Roasted Garlic Spinach Artichoke Dip

Cheesy with rich garlic, spinach, and artichokes, this Roasted Garlic Spinach Artichoke dip will knock your and your friend’s socks off. You can’t buy this dip at the store; trust me, I’ve tried. It’s just not the same. The work is assembly, and the rest gets married together in a cast iron that crisps the sides of the parmesan in the oven, taking that garlic to new heights.

Check out the Video of this Dip!

Don’t forget you can pin it to your PINTEREST board for future reference :))

How to make Roasted Garlic Spinach Artichoke Dip

Don’t fret—this is easy! If you can, try not to wait until the last minute. The good news is that you want it warm out of the oven when the guests arrive. This is the perfect and most heavenly dip they could ask for; warm and fresh—you’re killin’ it!!

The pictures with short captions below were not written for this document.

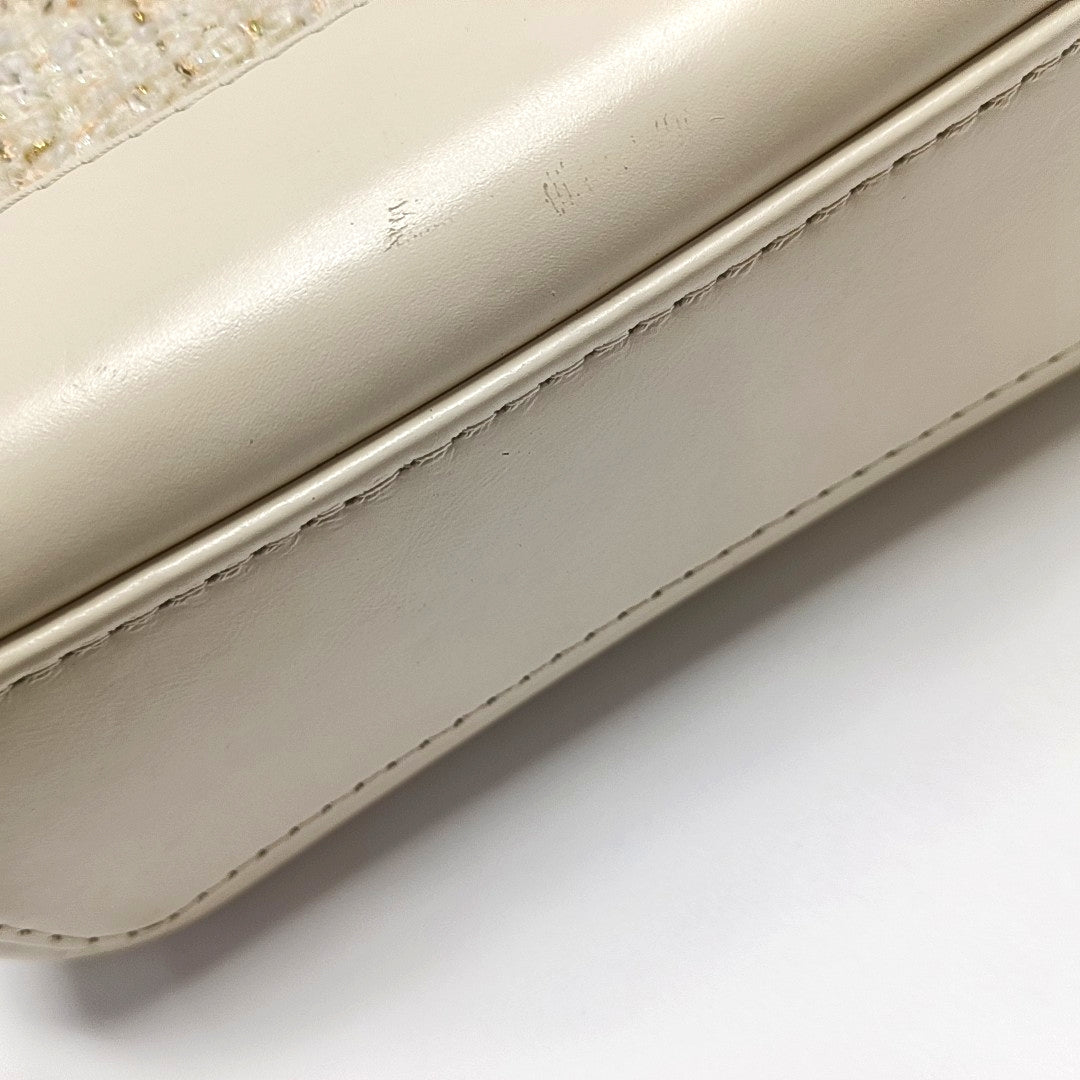 Authenticated pre-owned  Gabrielle Small Quilted Wool Beige - Shoulder Bag at Looply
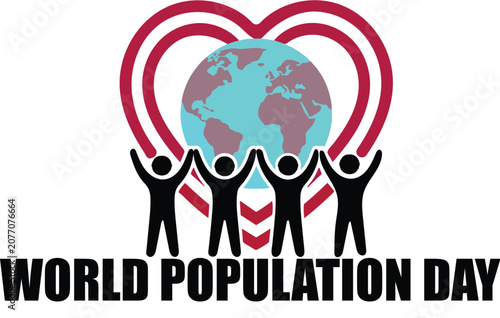 Vector illustration of people celebrating world population day with globe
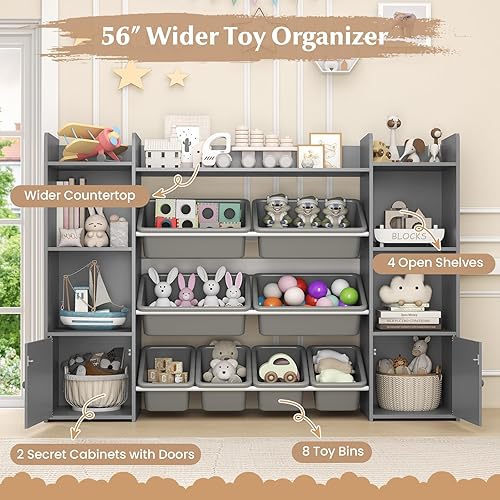 Miniatura 4 de HONEY JOY Organizador de almacenamiento de juguetes para niños, armario de almacenamiento de piso de madera con 8 contenedores extraíbles, estante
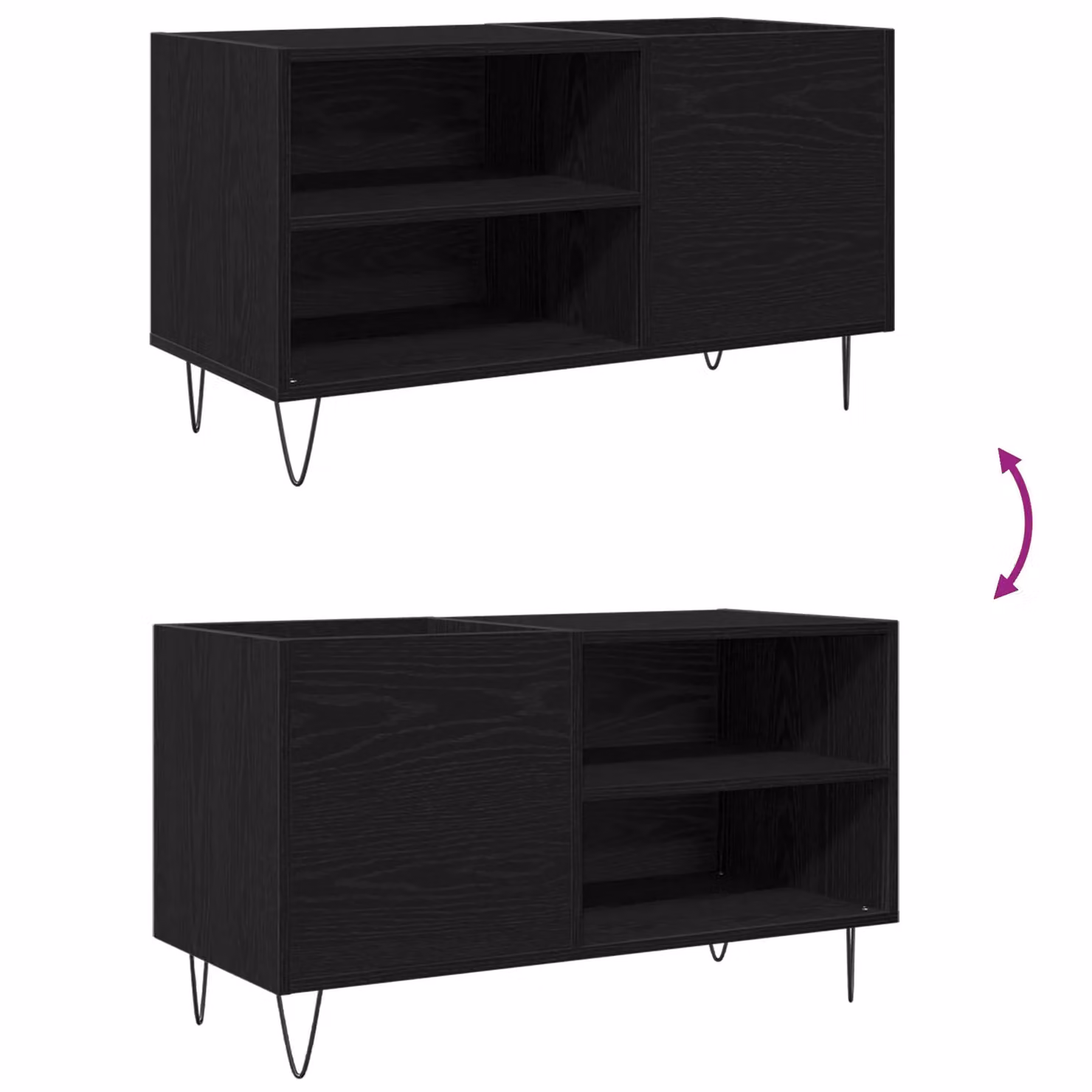 Berkfield Home Record Cabinet in Black Oak, W/D/H: 48 x 38 x 38 cm – 6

REMINDER! You can also assemble it in cast iron way ahead of time…then just put it in the oven when the time comes closer. You can prep this dippin’ dish up to three days ahead!!

Comment at the end of this page for any questions or comments 🙂

Gather ingredients and get a couple of sheets of foil, an oven-tolerant large pan (cast iron is preferred), a mixing bowl and spoon, some measuring spoons, and a cup. Preheat your oven to 400 degrees.

This is my dream cast iron set…complete with handles, a rack, and even a scraper! Kevin…I want this!! You can do all kinds of cooking with it—camping, pressure cooking, oven cooking, and, honest to God, all the types of cooking. Period.

Gathering ingredients and supplies helps balance duties with every recipe 😉.

Start by roasting the garlic. Cut the tip of the head off where you can see the tops of the garlic. Wrap the bottom in foil. Cover with oil, salt, and pepper. Roast in the oven at 400 degrees for 20 minutes while you are making the rest of the dip.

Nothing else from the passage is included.